- _Task brief_
Leaving the pictures aside, repeat each line below exactly.

Segment Start: Dataset excerpts

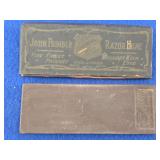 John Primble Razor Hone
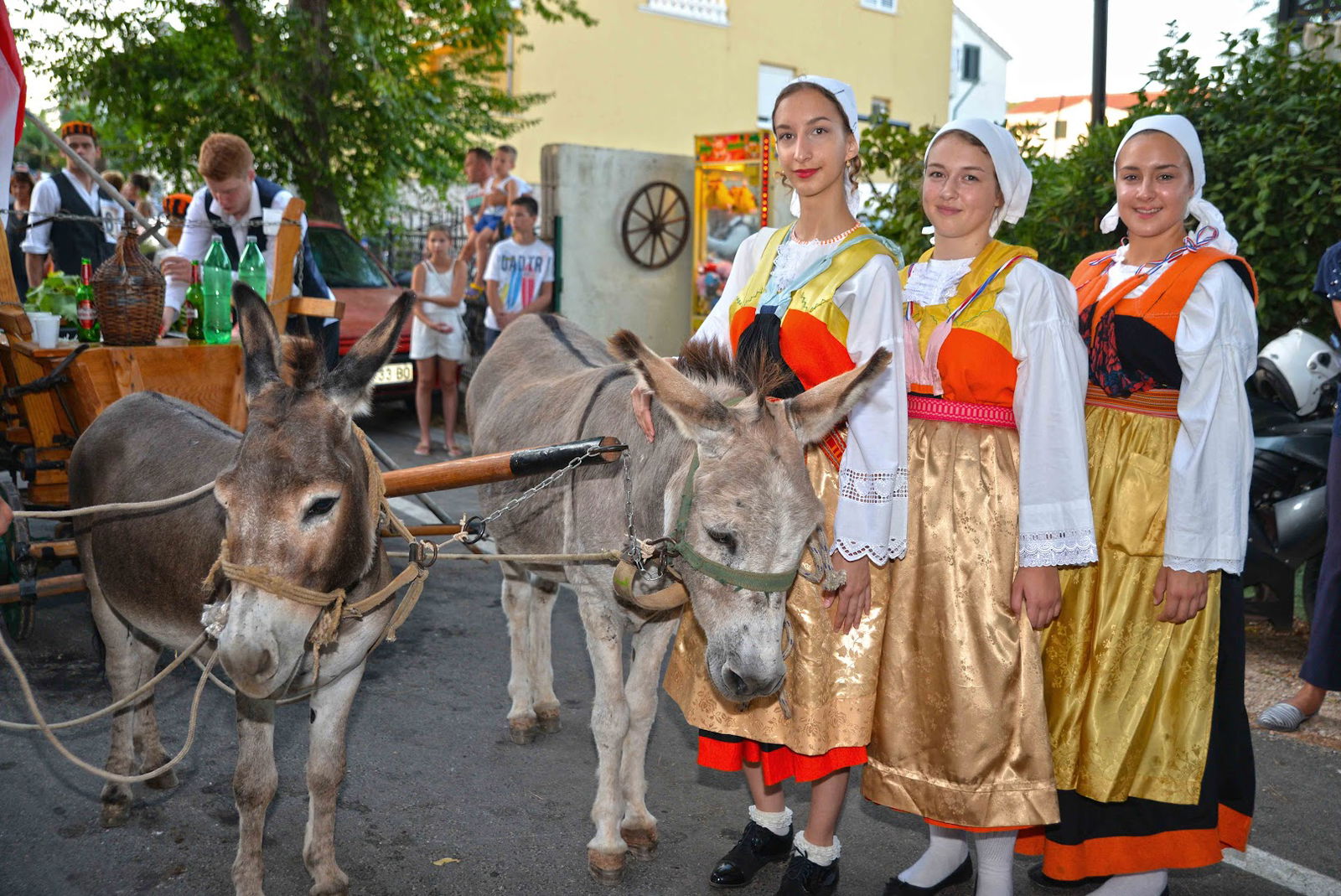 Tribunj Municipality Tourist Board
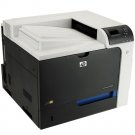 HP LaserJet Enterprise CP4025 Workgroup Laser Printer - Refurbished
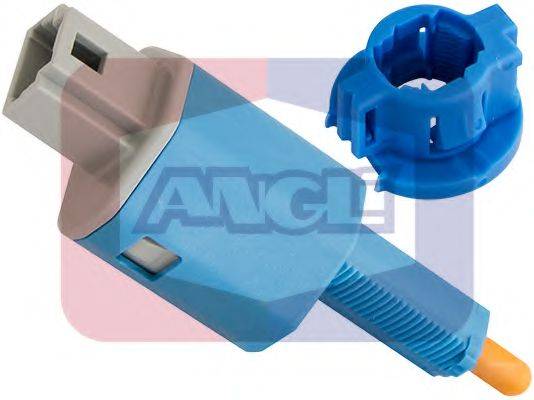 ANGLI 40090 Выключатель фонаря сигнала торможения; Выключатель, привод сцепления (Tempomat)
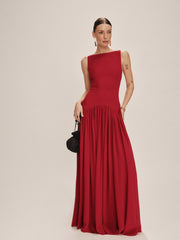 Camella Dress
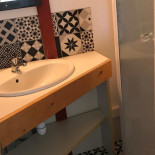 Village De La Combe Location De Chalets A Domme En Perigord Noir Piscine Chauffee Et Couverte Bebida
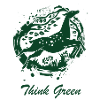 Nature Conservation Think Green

Segment End: Dataset excerpts

- _Reply_
 John Primble Razor Hone
 Tribunj Municipality Tourist Board
 HP LaserJet Enterprise CP4025 Workgroup Laser Printer - Refurbished
 ANGLI 40090 Выключатель фонаря сигнала торможения; Выключатель, привод сцепления (Tempomat)
 Camella Dress
 Village De La Combe Location De Chalets A Domme En Perigord Noir Piscine Chauffee Et Couverte Bebida
 Nature Conservation Think Green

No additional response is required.